● **What you need to do**: Type the data below again exactly. Omit all pictures.

● **Exercise data**:
^^^^^^^^

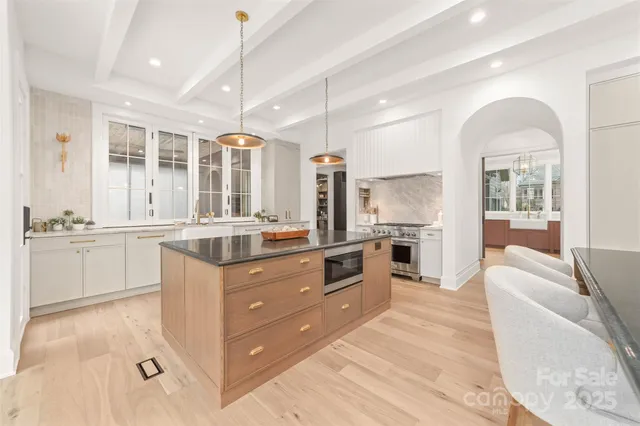 a kitchen with a sink cabinets and wooden floor
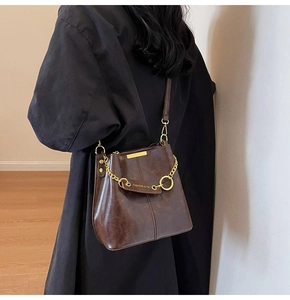 Detail of retro dark brown bucket bag showing oil-wax leather texture and gold chain link
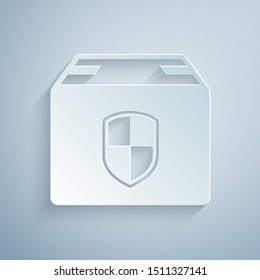 Paper cut Delivery pack security symbol with shield icon isolated on grey background. Delivery insurance. Insured cardboard boxes beyond the shield. Paper art style. Vector Illustration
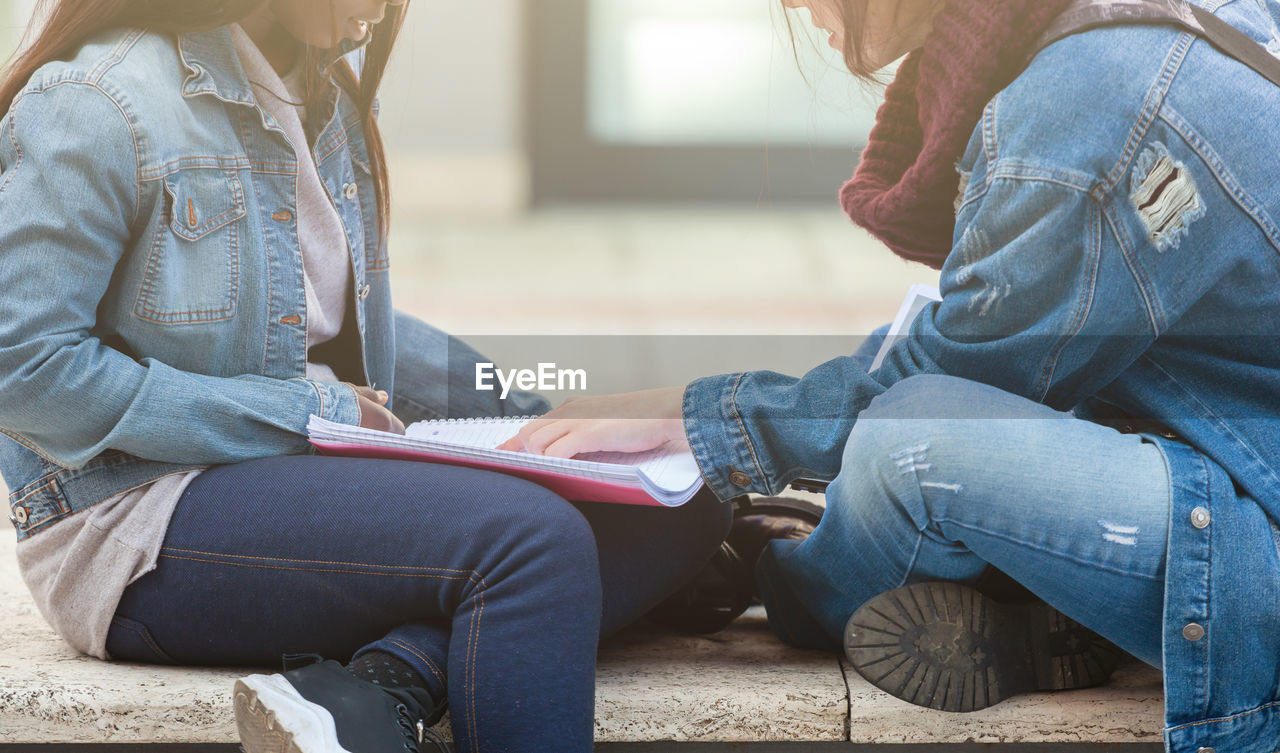 Two young women study on a bench.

^^^^^^^^

● **Answer to this exercise**:
 a kitchen with a sink cabinets and wooden floor
 Detail of retro dark brown bucket bag showing oil-wax leather texture and gold chain link
 Paper cut Delivery pack security symbol with shield icon isolated on grey background. Delivery insurance. Insured cardboard boxes beyond the shield. Paper art style. Vector Illustration
 Two young women study on a bench.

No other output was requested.